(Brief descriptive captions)
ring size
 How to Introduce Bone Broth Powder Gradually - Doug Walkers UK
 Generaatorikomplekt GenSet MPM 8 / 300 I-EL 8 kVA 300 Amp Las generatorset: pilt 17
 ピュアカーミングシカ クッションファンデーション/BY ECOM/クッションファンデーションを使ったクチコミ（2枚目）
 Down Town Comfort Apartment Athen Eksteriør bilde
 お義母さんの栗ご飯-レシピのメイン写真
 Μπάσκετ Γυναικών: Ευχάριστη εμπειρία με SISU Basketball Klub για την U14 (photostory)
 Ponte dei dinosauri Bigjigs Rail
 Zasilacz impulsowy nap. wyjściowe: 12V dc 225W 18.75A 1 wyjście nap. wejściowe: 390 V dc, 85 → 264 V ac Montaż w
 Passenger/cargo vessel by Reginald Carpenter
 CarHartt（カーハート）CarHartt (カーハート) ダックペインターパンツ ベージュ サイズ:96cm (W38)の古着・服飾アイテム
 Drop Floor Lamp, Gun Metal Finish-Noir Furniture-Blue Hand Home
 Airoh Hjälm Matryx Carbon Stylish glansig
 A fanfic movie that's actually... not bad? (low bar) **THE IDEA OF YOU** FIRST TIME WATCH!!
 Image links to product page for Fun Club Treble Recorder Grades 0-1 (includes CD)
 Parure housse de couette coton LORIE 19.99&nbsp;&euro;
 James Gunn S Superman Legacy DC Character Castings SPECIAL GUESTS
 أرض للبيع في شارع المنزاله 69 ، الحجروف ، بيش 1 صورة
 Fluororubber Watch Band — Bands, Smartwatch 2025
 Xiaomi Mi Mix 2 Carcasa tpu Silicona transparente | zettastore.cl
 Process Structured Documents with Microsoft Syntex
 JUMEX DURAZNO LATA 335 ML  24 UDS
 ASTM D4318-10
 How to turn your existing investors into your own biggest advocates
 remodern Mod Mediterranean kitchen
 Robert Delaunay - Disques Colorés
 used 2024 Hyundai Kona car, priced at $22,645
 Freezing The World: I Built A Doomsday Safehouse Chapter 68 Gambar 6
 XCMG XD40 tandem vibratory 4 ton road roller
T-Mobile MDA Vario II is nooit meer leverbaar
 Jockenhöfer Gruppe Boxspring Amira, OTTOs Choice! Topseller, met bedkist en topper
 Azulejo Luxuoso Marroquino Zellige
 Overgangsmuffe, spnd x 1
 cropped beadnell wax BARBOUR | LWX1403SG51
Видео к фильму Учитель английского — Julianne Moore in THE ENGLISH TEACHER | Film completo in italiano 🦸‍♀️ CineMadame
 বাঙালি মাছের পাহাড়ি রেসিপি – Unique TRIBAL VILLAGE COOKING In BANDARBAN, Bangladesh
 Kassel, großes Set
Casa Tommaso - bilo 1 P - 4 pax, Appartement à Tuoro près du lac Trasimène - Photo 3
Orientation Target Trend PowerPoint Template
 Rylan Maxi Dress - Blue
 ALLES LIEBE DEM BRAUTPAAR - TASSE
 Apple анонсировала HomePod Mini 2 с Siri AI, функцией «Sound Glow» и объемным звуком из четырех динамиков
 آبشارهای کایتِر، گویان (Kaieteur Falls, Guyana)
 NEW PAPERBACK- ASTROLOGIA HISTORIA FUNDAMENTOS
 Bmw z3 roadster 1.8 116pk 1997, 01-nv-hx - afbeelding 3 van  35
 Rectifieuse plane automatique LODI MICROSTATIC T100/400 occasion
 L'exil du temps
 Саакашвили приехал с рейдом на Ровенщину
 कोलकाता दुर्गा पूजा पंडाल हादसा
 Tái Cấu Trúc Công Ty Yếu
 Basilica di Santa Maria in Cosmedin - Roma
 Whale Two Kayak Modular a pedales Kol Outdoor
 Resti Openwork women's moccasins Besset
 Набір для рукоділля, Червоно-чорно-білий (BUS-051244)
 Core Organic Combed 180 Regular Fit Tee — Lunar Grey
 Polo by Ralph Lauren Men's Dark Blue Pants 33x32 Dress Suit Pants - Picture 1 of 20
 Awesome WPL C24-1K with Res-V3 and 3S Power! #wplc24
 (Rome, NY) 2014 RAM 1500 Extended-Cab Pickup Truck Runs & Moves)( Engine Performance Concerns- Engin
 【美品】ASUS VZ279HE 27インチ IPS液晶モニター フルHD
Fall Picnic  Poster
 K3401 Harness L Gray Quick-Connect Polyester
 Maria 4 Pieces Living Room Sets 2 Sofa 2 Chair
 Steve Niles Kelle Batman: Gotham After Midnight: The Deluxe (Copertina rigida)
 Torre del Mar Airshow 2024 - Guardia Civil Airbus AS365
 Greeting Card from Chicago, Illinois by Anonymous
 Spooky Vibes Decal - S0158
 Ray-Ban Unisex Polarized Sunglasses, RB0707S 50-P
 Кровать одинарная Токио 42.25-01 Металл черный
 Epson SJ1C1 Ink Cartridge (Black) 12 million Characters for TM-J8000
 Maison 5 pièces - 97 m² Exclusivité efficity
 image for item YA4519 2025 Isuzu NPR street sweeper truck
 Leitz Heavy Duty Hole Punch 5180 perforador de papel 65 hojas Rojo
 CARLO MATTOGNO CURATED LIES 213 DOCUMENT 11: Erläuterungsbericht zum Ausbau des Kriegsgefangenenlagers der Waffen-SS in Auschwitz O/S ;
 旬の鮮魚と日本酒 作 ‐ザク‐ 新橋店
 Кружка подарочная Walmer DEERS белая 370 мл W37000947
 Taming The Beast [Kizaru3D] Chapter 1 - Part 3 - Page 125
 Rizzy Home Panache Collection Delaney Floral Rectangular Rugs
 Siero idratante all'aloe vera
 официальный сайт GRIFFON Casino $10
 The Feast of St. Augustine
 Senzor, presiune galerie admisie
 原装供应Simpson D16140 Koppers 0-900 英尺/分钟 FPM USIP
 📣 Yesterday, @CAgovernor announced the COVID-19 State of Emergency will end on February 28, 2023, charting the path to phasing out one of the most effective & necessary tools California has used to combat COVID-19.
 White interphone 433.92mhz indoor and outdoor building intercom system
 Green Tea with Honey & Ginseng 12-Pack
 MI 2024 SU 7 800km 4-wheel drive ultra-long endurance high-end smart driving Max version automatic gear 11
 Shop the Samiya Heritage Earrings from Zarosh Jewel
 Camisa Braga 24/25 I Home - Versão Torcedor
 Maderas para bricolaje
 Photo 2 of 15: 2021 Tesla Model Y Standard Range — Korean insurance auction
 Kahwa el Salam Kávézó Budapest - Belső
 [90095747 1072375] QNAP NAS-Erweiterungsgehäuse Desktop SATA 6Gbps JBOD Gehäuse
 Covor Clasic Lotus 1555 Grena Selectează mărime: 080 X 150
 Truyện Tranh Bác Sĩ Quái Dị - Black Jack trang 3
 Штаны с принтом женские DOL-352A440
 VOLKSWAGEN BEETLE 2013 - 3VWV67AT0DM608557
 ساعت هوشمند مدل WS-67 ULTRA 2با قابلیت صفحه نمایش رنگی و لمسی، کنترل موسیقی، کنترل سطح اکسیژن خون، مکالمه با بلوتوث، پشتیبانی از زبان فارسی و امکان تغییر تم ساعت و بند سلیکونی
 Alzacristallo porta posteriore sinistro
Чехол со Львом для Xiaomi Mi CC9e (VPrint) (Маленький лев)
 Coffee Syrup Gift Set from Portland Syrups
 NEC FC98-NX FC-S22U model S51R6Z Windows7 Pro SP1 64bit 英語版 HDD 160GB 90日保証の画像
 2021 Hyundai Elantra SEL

Problem to solve: The lines that contain the word "Maria" are wanted; copy each of them from the records.

Output of the task:
 Basilica di Santa Maria in Cosmedin - Roma
 Maria 4 Pieces Living Room Sets 2 Sofa 2 Chair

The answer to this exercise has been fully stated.